When fish in a river die because of low oxygen, it triggers a chain reaction through the whole ecosystem and even affects people nearby.

Immediate ecological effects

  • Less biodiversity in the water, because many species that depend on those fish for food (larger fish, birds, mammals, invertebrates) suddenly lose a food source.
  • Disruption of the food web : predators may starve, move away, or switch to other prey, putting extra pressure on remaining species.
  • Some opportunistic or invasive species (like certain scavengers) may temporarily increase because they feed on the dead fish, further unbalancing the system.

Effects on water quality

  • As dead fish decompose, bacteria break them down and use even more dissolved oxygen, which makes the oxygen problem worse and can lead to a feedback loop of further deaths.
  • Decomposition releases nutrients (nitrogen, phosphorus) into the water, which can fuel algal blooms; when those algae later die and decay, they also consume oxygen and can create or intensify “dead zones.”
  • The water can become cloudy, smelly, and potentially toxic, making it unsuitable for drinking, recreation, or supporting sensitive aquatic life.

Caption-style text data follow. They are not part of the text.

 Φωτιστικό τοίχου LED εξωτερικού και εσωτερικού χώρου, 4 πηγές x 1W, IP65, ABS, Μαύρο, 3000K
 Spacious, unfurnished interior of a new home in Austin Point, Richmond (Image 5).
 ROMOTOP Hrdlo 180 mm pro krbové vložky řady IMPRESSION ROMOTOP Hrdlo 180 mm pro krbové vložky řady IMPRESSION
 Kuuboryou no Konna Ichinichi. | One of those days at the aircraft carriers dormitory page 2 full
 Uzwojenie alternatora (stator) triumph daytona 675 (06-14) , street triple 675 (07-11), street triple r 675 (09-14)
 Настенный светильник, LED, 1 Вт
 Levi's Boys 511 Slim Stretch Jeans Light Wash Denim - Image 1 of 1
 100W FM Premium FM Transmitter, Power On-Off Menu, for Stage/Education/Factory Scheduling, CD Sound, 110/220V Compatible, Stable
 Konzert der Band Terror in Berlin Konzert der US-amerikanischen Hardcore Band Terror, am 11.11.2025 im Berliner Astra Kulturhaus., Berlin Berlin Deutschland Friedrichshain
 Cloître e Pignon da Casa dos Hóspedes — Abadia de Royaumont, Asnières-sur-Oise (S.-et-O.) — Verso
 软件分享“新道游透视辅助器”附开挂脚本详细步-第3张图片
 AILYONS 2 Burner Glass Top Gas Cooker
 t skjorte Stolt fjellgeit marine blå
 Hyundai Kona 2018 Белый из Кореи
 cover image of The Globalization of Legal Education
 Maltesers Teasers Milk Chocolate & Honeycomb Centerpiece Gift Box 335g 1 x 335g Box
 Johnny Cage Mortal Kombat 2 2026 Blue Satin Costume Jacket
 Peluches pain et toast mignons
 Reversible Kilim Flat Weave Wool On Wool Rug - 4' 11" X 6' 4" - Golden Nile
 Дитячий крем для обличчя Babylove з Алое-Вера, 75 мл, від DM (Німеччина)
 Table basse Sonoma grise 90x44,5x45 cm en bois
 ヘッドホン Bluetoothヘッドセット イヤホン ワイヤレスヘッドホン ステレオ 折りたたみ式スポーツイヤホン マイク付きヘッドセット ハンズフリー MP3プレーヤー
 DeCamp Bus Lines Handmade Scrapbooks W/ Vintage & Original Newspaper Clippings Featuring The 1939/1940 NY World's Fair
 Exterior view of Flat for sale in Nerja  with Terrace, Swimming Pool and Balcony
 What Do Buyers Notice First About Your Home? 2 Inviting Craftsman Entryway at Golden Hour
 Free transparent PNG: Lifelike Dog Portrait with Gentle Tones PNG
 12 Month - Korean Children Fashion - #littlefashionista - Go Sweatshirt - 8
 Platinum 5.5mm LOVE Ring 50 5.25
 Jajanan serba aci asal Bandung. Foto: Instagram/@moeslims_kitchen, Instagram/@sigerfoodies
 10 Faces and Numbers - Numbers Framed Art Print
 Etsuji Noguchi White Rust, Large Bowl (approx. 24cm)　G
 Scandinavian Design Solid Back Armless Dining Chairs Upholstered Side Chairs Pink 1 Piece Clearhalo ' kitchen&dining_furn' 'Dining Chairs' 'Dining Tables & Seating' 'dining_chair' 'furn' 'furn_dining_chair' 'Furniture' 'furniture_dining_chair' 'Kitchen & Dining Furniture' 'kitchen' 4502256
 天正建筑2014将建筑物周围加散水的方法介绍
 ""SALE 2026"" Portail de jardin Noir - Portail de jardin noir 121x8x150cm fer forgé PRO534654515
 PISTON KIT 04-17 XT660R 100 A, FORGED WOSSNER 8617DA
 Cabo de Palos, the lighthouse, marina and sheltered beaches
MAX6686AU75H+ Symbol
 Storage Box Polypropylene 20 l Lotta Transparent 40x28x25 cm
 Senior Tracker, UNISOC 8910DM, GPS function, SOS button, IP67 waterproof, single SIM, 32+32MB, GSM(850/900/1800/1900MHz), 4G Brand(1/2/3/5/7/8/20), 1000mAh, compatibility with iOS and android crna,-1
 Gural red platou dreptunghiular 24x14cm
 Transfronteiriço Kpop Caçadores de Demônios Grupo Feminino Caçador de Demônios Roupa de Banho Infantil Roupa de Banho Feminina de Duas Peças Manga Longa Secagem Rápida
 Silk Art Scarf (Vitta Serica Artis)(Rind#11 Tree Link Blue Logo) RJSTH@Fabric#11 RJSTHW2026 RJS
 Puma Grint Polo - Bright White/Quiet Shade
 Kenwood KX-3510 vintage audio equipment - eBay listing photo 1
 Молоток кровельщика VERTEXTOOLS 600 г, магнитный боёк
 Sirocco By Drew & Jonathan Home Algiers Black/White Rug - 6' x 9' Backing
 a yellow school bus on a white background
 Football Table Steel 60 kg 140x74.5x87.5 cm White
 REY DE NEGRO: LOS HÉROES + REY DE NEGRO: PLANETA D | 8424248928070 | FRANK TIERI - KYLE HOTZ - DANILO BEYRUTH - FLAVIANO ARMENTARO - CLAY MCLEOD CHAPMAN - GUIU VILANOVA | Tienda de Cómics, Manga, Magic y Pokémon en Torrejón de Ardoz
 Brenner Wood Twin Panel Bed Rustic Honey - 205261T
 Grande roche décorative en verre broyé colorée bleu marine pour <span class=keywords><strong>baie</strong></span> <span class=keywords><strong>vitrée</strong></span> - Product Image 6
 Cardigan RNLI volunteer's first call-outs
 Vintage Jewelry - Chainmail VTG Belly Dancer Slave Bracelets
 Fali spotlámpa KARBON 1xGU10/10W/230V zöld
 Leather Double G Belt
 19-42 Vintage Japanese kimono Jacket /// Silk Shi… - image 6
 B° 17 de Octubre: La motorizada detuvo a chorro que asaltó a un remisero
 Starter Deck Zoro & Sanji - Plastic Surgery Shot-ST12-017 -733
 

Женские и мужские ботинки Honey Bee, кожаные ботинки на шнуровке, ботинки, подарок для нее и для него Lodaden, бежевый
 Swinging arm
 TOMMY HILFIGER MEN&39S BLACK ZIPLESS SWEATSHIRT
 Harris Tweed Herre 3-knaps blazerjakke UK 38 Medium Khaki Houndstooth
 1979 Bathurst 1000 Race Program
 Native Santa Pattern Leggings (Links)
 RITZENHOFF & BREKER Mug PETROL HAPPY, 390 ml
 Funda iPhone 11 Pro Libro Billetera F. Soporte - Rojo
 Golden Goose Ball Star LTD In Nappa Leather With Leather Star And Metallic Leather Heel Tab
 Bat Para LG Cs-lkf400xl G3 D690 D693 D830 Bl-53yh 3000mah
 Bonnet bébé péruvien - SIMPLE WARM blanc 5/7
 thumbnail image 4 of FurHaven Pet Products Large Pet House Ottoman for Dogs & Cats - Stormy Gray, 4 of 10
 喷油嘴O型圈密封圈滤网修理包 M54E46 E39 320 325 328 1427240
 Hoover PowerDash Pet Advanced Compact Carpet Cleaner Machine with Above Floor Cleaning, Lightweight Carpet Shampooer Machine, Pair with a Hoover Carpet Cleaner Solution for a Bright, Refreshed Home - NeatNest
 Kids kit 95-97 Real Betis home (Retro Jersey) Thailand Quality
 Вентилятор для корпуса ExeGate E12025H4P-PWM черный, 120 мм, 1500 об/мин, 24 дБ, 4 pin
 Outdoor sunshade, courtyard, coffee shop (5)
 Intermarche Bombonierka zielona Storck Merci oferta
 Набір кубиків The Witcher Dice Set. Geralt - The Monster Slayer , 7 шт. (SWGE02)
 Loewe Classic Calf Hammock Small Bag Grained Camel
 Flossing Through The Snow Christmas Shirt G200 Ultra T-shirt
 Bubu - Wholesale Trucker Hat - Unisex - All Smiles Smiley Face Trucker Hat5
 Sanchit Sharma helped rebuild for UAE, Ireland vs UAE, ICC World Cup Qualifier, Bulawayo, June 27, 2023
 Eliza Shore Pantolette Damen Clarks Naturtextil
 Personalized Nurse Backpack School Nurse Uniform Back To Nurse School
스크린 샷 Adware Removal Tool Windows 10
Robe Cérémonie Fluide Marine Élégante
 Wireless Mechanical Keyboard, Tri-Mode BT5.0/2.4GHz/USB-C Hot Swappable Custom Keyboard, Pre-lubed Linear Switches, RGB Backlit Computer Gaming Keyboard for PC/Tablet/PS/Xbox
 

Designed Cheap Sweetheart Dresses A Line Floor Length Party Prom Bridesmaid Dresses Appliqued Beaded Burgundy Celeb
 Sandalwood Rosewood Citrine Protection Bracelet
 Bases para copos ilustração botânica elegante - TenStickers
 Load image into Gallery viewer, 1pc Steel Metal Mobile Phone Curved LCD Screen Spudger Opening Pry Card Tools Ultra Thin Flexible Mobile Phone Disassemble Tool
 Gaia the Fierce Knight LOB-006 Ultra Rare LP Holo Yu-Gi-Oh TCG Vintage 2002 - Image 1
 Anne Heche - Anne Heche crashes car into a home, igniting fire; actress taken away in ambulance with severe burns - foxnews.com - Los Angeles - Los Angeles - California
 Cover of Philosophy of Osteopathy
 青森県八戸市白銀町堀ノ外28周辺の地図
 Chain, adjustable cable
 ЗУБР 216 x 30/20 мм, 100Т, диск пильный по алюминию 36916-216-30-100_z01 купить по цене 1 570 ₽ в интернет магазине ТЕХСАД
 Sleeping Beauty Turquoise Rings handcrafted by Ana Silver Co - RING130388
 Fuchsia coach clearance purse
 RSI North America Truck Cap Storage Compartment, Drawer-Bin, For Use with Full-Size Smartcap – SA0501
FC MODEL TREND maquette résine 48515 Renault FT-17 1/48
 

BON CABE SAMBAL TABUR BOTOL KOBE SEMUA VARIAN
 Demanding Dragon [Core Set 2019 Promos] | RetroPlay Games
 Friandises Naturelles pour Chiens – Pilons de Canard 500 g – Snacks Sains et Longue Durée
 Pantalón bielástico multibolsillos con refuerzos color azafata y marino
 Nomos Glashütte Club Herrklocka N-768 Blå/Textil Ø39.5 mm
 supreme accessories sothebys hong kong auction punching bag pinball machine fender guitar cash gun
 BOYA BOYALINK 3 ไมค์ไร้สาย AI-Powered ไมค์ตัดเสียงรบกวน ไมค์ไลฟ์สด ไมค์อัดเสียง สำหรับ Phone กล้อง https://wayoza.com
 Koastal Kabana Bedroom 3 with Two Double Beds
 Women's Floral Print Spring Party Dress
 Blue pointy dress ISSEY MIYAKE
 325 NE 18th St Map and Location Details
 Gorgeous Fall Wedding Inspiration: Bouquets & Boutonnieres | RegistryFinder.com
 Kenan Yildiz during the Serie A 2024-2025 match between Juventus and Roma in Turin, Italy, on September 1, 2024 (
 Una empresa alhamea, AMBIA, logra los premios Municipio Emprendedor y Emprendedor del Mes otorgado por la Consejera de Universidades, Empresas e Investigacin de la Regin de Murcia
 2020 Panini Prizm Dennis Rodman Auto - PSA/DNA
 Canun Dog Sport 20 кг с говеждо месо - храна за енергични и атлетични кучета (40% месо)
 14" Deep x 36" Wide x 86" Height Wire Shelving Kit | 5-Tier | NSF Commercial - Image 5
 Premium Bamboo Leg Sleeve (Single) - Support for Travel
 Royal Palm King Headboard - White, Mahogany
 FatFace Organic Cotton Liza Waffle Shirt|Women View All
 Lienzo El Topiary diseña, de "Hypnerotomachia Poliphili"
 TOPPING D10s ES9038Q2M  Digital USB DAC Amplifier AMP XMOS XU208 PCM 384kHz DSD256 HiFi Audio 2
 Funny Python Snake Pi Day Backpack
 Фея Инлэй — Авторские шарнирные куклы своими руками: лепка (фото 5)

Longer‑term ecosystem impacts

  • Loss of key species can alter the balance of species in the river (for example, if herbivorous fish die, algae and aquatic plants might overgrow; if predators die, smaller fish or invertebrates may boom).
  • The river may shift toward a more degraded, low‑oxygen state , with fewer species and more tolerant, pollution‑resistant organisms dominating.
  • Recovery can take months to years, depending on how severe and how frequent the die‑offs are, and whether the oxygen problem is fixed.

Impacts on humans and communities

  • Fishing communities can lose food and income if important commercial or subsistence fish species die off.
  • Tourism and recreation (boating, swimming, riverside parks) can decline due to smell, visible dead fish, and poor water quality.
  • Large die‑offs are also a warning signal that something is seriously wrong with the river’s health, often tied to pollution, warming, or overuse of water upstream.

In short

Dying fish don’t just mean fewer fish; they can worsen low oxygen, damage the food web, degrade water quality, harm wildlife and people who depend on the river, and push the whole ecosystem toward a less healthy, harder‑to‑recover state.